GHE has a generic tool for coalescing program invocations that is not
Git-specific at all (it compares its stdin and command line arguments to
decide when two requests are identical, runs the command on its
arguments, and then passes the output to all members of the herd). That
_might_ be open-sourced in the future, but I don't have a specific
timeline.

> One thing to note: if you have repositories which are to have the
> same contents, you can distribute the pack-file to them and update
> references without going through Git.  It can be done on push
> (push to master, distribute to mirrors), or as part of fetch
> (master fetches from central repository, distributes to mirrors).
> I think; I have never managed large set of replicated Git repositories.

Doing it naively has some gotchas, because you want to make sure you
have all of the necessary objects. But if you are going this route,
probably distributed a git-bundle is the simplest way.

> > Generally no, they should not conflict. Writes into the object database
> > can happen simultaneously.

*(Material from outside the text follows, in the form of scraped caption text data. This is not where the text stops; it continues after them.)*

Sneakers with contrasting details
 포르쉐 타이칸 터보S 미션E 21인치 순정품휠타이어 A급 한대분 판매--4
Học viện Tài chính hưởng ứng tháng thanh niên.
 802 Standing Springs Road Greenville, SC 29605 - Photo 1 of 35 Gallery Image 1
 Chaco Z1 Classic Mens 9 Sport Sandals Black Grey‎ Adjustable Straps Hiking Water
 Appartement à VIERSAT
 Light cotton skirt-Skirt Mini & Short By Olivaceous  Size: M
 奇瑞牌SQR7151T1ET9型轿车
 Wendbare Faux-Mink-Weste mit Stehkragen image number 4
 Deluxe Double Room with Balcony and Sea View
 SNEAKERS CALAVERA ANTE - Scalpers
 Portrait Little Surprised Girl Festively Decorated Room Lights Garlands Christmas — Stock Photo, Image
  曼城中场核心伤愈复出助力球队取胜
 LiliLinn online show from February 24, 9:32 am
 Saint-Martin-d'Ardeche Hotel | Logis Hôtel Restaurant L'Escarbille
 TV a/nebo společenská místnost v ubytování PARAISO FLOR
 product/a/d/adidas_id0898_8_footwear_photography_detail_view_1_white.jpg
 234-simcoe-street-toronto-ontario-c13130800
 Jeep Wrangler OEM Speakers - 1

Ref updates take a per-ref lock, so you
> > should generally be able to write two unrelated refs at once. The big
> > exception is that ref deletion required taking a repo-wide lock, but
> > that presumably wouldn't be a problem for your case.
> 
> Doesn't Git avoid taking locks, and use lockless synchronization
> mechanisms (though possibly equivalent to locks)?  I think it takes
> lockfile to update reflog together with reference, but if reflogs
> are turned off (and I think they are off for bare repositories by
> default), ref update uses "atomic file write" (write + rename)
> and compare-and-swap primitive.  Updating repository is lock-free:
> first update repository object database, then reference.

There is a lockfile to make the compare-and-swap atomic, but yes, it's
fundamentally based around the compare-and-swap. I don't think that
matters to the end user though. Fundamentally they will see "I hoped to
move from X to Y, but somebody else wrote Z, aborting", which is the
same as "I did not win the lock race, aborting".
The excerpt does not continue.